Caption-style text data
=====
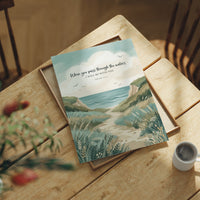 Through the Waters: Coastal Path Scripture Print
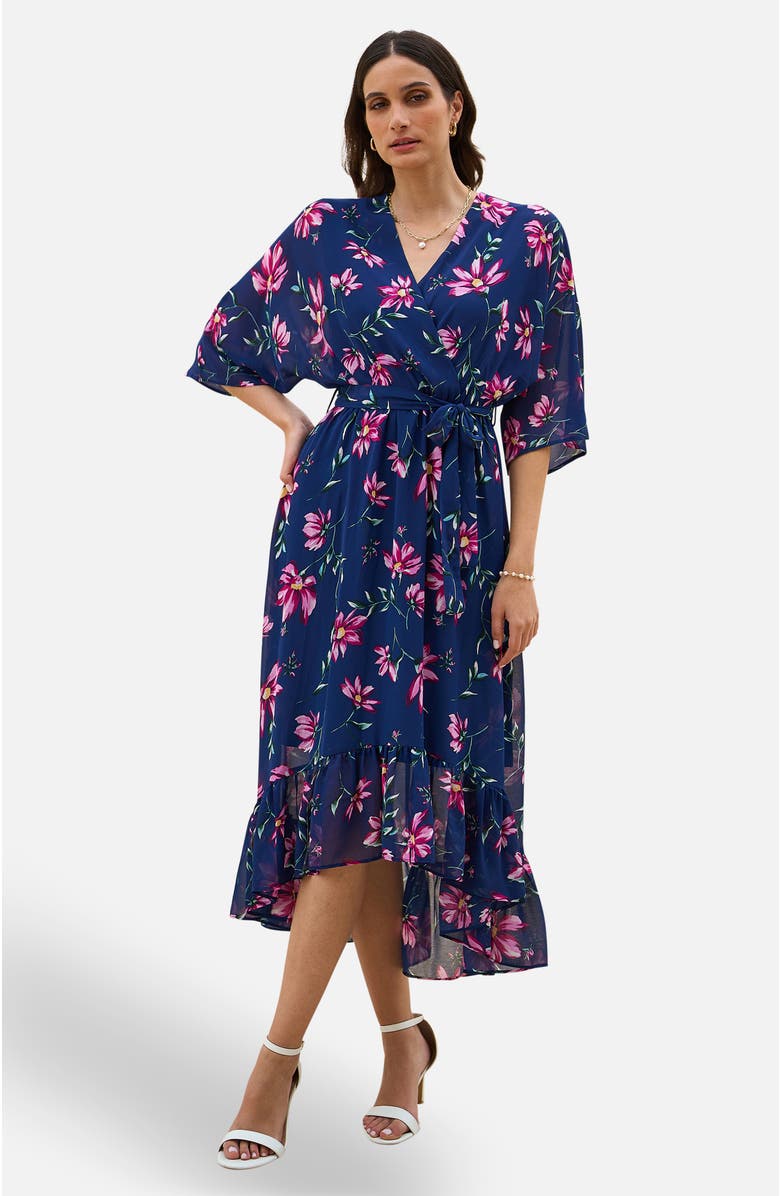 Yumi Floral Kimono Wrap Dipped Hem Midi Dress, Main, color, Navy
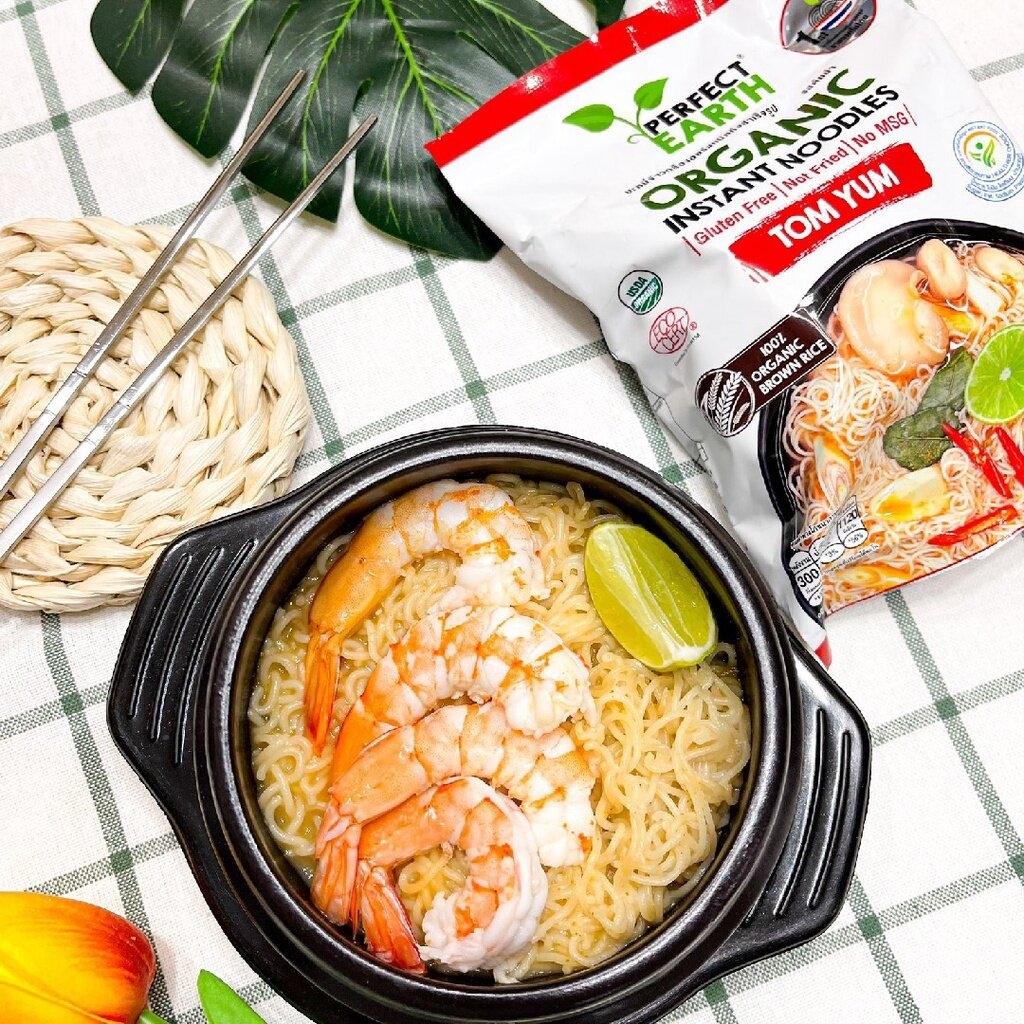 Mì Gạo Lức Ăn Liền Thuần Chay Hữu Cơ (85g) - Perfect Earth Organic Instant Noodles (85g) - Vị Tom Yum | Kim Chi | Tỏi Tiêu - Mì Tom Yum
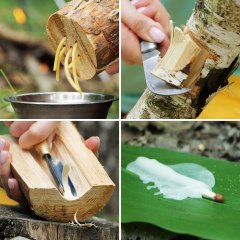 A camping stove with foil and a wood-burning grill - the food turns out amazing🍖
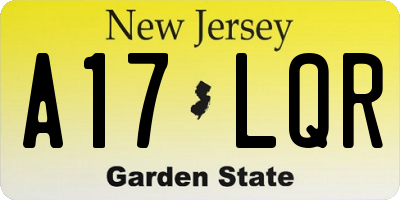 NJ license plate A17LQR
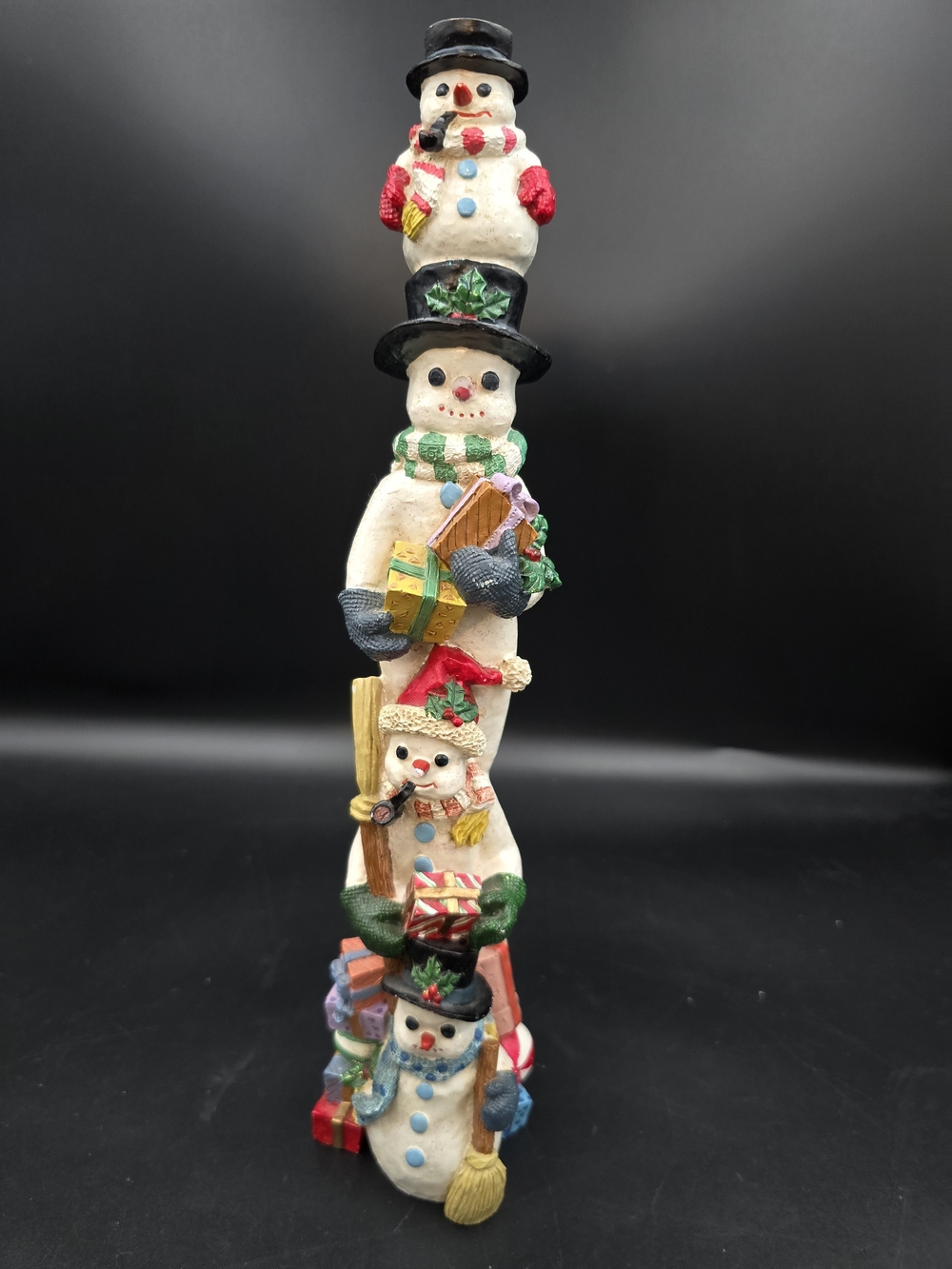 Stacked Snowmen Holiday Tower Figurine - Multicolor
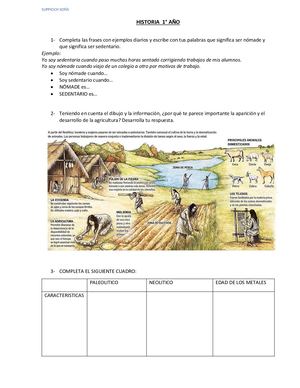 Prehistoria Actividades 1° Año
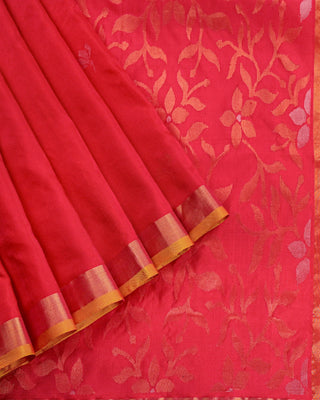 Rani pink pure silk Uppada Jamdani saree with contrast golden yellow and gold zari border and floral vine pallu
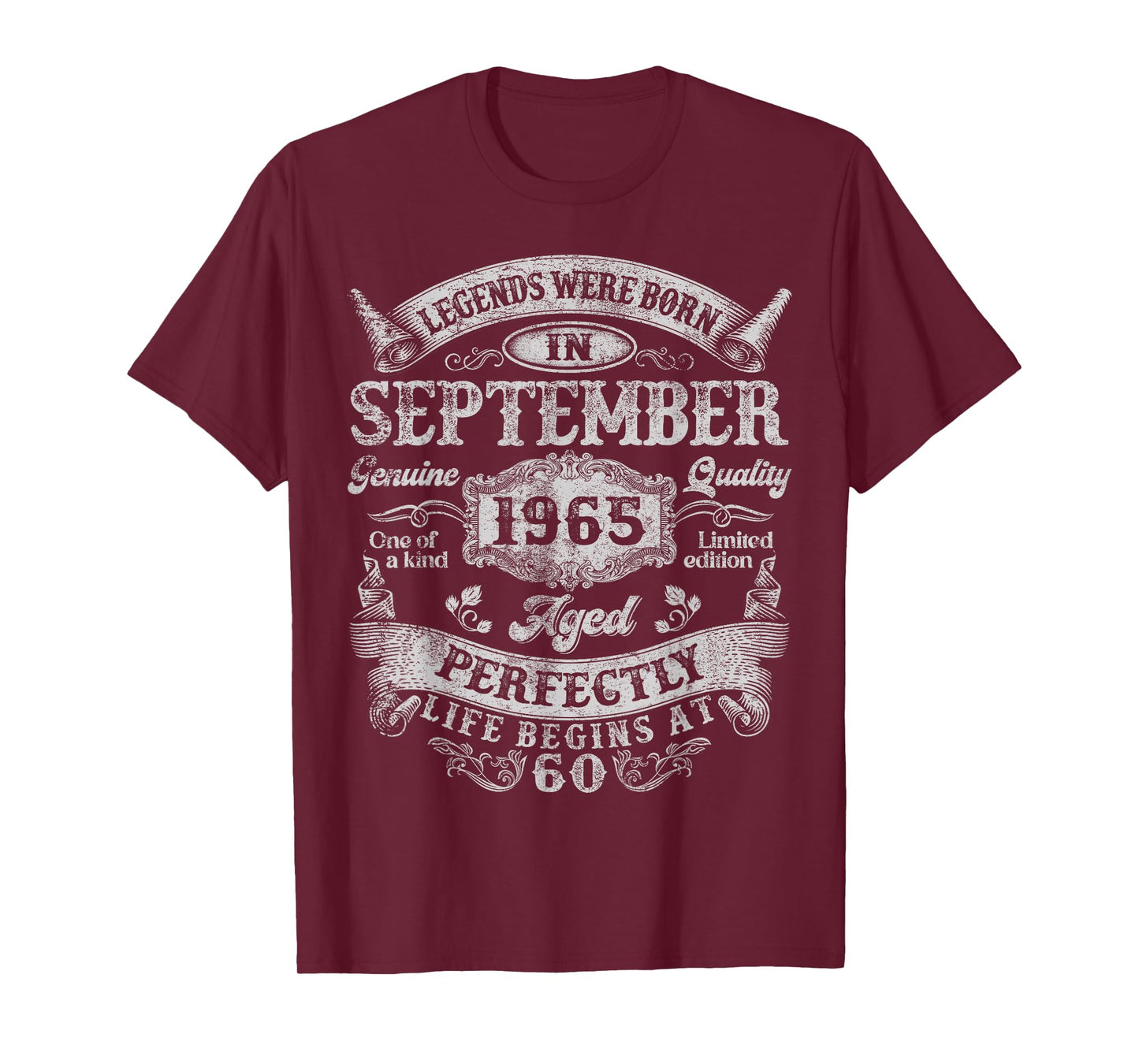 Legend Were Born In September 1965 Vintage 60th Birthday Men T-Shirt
=====
*PROBLEM REQUIREMENTS:* Only exact lines belong in the answer: those from the beginning of the entries above through the line holding "Prehistoria Actividades 1° Año", with no pictures.

*WRITTEN SOLUTION:*
 Through the Waters: Coastal Path Scripture Print
 Yumi Floral Kimono Wrap Dipped Hem Midi Dress, Main, color, Navy
 Mì Gạo Lức Ăn Liền Thuần Chay Hữu Cơ (85g) - Perfect Earth Organic Instant Noodles (85g) - Vị Tom Yum | Kim Chi | Tỏi Tiêu - Mì Tom Yum
 A camping stove with foil and a wood-burning grill - the food turns out amazing🍖
 NJ license plate A17LQR
 Stacked Snowmen Holiday Tower Figurine - Multicolor
 Prehistoria Actividades 1° Año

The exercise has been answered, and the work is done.